C’est lorsqu’il s’est présenté au poste de police de Rivière Noire – qui est comme sa deuxième maison, pour une déposition contre ses méchants détracteurs – que les agents, qui y trônent, l’informent gentiment qu’il est recherché et qu’il vaut mieux qu’il dégage. Pas d’arrestation ni à Rivière Noire et même au Line Barracks, quartier général de la police où le mandat d’arrêt du magistrat n’a pas, non plus, été exécuté. On aurait pu penser que le commissaire de police viendrait avec quelques explications sur ce comportement étrange de ses services, mais là aussi, niet.
Bien étrange, surtout que l’Attorney General, qui estime urgent d’émettre un communiqué, dimanche16 octobre 2022, pour annoncer qu’il saisit la police sur la “fuite” du rapport de l’enquête judiciaire sur la mort de Sooparamnien Kistnen, tout en pointant du doigt le bureau du DPP, reste très silencieux sur cette affaire.
Étrange certainement que Maneesh Gobin, qui trouve aussi le temps de convoquer la presse, un vendredi, pour enfoncer une porte ouverte sur la souveraineté de St Brandon, n’ait pas organisé pareil exercice pour nous entretenir du dossier de Jean Hubert Célérine, les demandes d’assistance légale formulées par la justice réunionnaise, relevant directement de sa compétence et de sa juridiction.
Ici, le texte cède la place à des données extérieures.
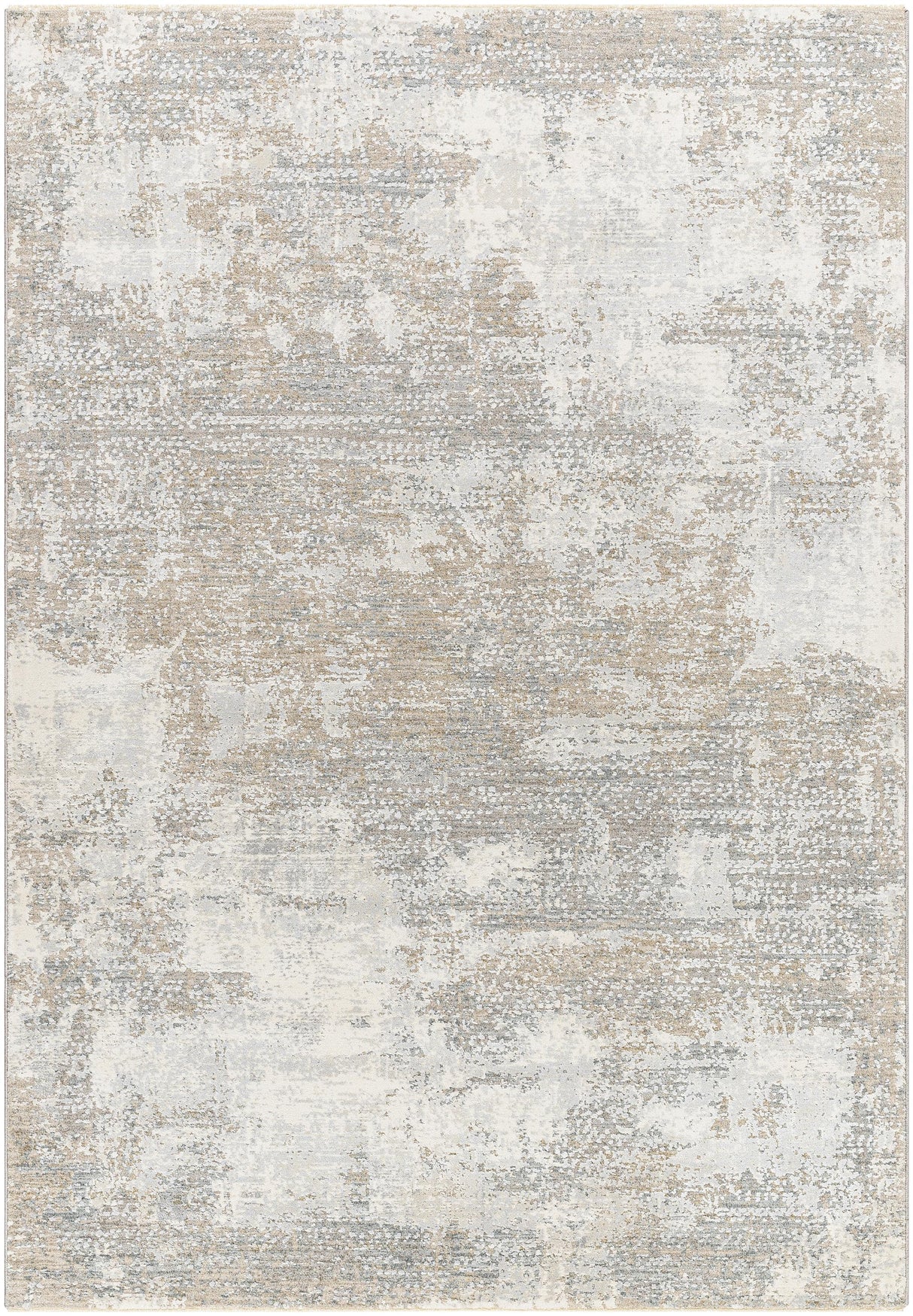 Surya Brunswick BWK-2332 10' x 14' Rug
Aujourd’hui, le nouveau mantra, c’est le secret de l’instruction et il ne s’appliquerait, en fait, qu’au dossier de Franklin!
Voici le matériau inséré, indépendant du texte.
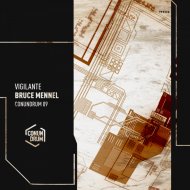 Bruce Mennel - Dissident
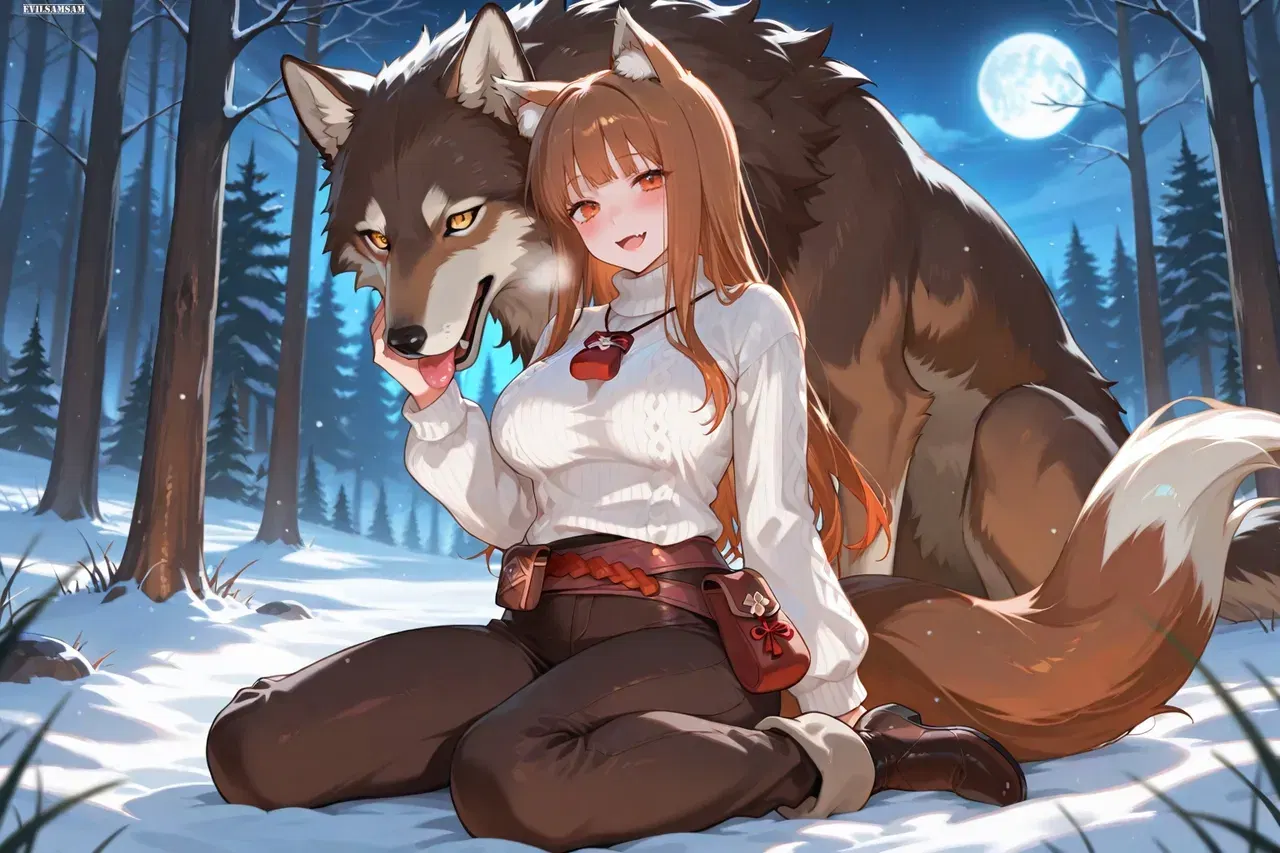 Image #60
Non moins étrange, le silence du ministre des Affaires Étrangères, Alan Ganoo. C’est vrai qu’il est très occupé et tout aussi stressé que ses colistiers Sandra Mayotte et Prakash Ramchurrun par les problèmes de tuyaux cassés à Rivière Noire et par les manifestations de colère exprimée par les habitants de Case Noyale et de La Gaulette devant le manque d’eau potable.
Mais Franklin, c’est aussi un de ses mandants et ce dossier de trafic de drogue, qui est transfrontalier, est de son ressort et de sa responsabilité de ministre. Voilà une double raison qui l’oblige au moins à dire ce que ses services ont fait pour aider la justice réunionnaise ou n’ont pas fait, et pour quelles raisons. Non, il ne dit rien.
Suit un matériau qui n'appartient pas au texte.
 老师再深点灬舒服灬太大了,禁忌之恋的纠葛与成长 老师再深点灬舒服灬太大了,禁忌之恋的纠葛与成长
La vérité, c’est que l’affaire Franklin a été délibérément mise sous le boisseau pour des raisons évidentes. Il est visiblement un protégé du régime qui bénéficie d’un patronage politique local indéfectible. Il sème la terreur sur la côte ouest, tire sur tout ce qui bouge, dispose de vastes étendues de terres, dont on ne sait pas si c’est aux dépens de leurs véritables propriétaires, ou s’il les a obtenues sur recommandations ou après des menaces.
Nous déplorions ici même, le 22 janvier, de ne pas entendre “l’ICAC, la FIU, l’Integrity Reporting Agency ou la Mauritius Revenue Authority” sur de tels cas. La FIU a, le 23 janvier, obtenu un gel des avoirs de Franklin et de huit de ses proches.
Il faut espérer que cela ne signe pas la fin de l’histoire. Parce que l’ICAC aussi s’était à un moment intéressée à Franklin en 2017, mais elle a vite fermé le dossier pour ne plus l’ouvrir. Même après les stupéfiantes découvertes des gendarmes réunionnais. Autant rester sur ses gardes.